Will hit the toilet bowl

And my newly discovered hole after 30 years there... grizzly lake.


----------



## Meadowlark (Jul 19, 2008)

Man, I love fishing the frying pan.

I wish you both tight lines!


----------



## Big Bay (May 14, 2013)

If you're in keystone silverthorne Dillon area go to cutthroat outfitters good people will good advice and selection of gear. And they have good guides. 

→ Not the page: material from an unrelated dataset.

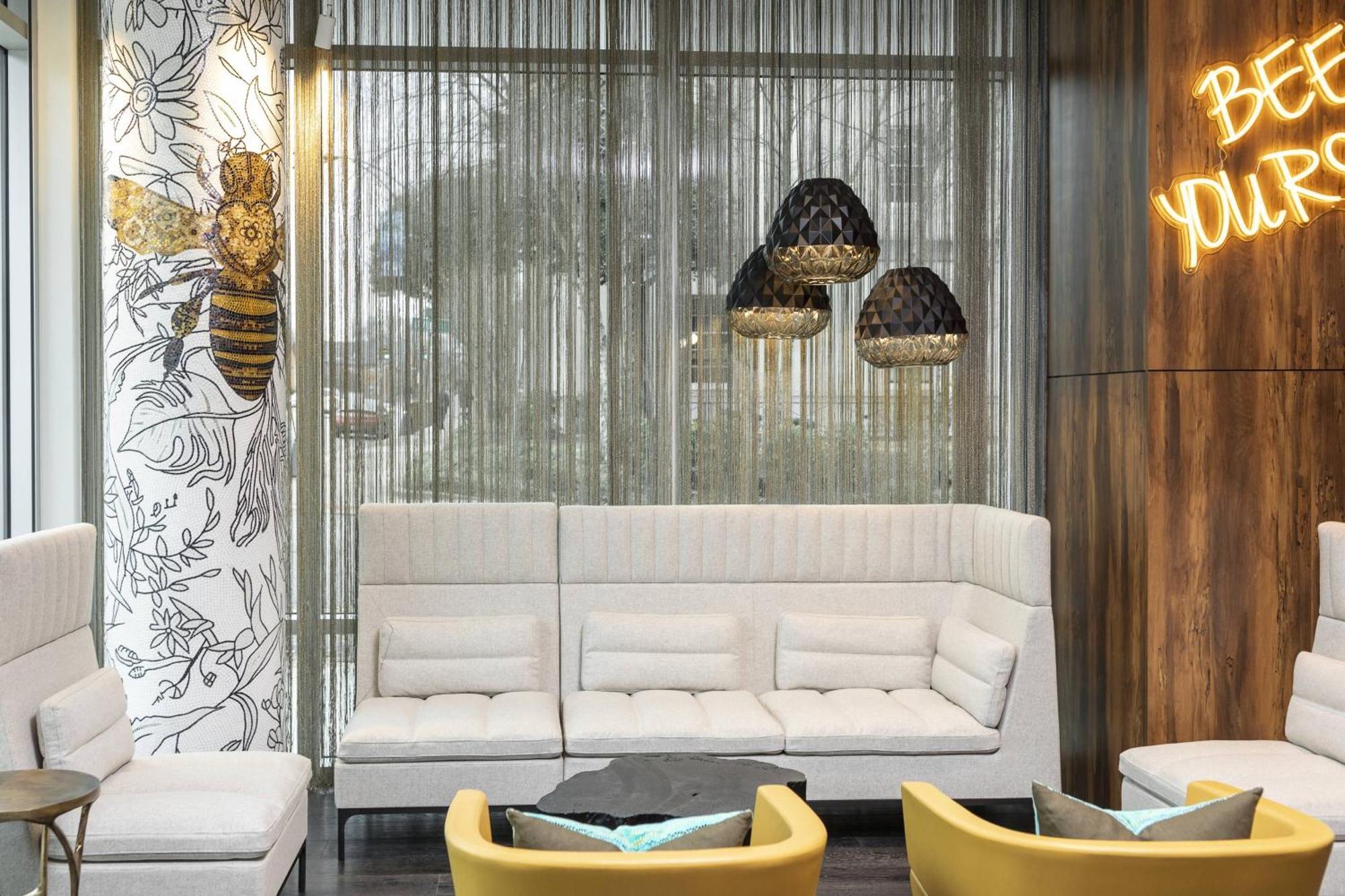 Residence Inn By Marriott Greenville Downtown Екстер'єр фото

Sent from my iPhone using Tapatalk


----------



## Permit Rat (May 13, 2014)

I am jealous. I'd like to learn a lot more about Colorado, Wyoming and even Montana. I am retired and every year I swelter down here, either in So. Texas, or Veracruz. Take your pick....the heat and humidity are unbearable in both places.

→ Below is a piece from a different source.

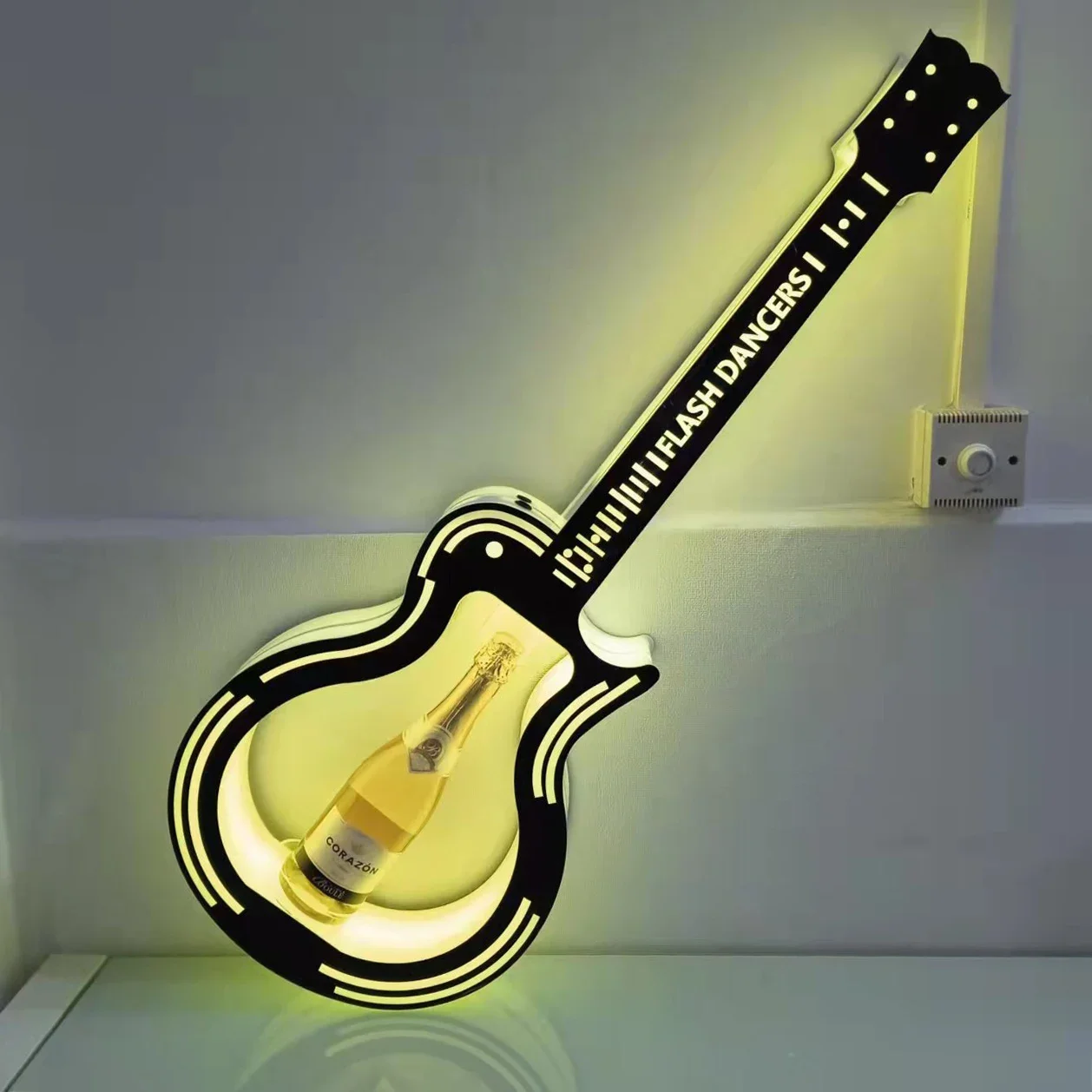 Custom Logo LED Guitar Bottle Presenter Glorifier VIP Service Champagne ClaseTequila Vodka Wine Display Holder For Bar Night Cub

I also keep swearing that _"next year,"_ I'm going to pack up my trout gear and head for these areas and get away from it all....probably for as much of July and August as I can.


----------



## fy0834 (Jan 18, 2011)

All I can tell you is ... IF YOU START... the Colorado summertime fishing ... different locations and rivers, you will not be able to stop. 

This am is 50 degrees and dry... today we venture into a spot I discovered and catch fish ... I hope.


----------



## fy0834 (Jan 18, 2011)

26 trout in two hours today... he wants to go back tomorrow.


----------



## Permit Rat (May 13, 2014)

Nice job! Do you (or anyone) find a use for a sinking line in waters such as you showed in your photos?


----------



## fy0834 (Jan 18, 2011)




----------



## cman (Apr 17, 2009)

Just found your old thread. Awesome to see. What a lucky man your old boss is to be 87 and so fit and nimble as to amble down those rocks! 
Where on the Fork did you fish? Ever tried the Burry access?


----------



## fy0834 (Jan 18, 2011)

I took him to Grizzly Reservoir, East on 82 out of Aspen. It's a six mile jaunt off road by 4x4 to get there. He didn't much like negotiating the rocks ... but I didn't want him in the river with the water up. 

We had a good time regardless.

He is one of the most fit individuals I know, notwithstanding his age.
He had no health insurance ... so he self helped and took up walking / running and diligently adhered to it.

LOL ... he complains when he goes to his doctor... " Can't you find something wrong with me?"


----------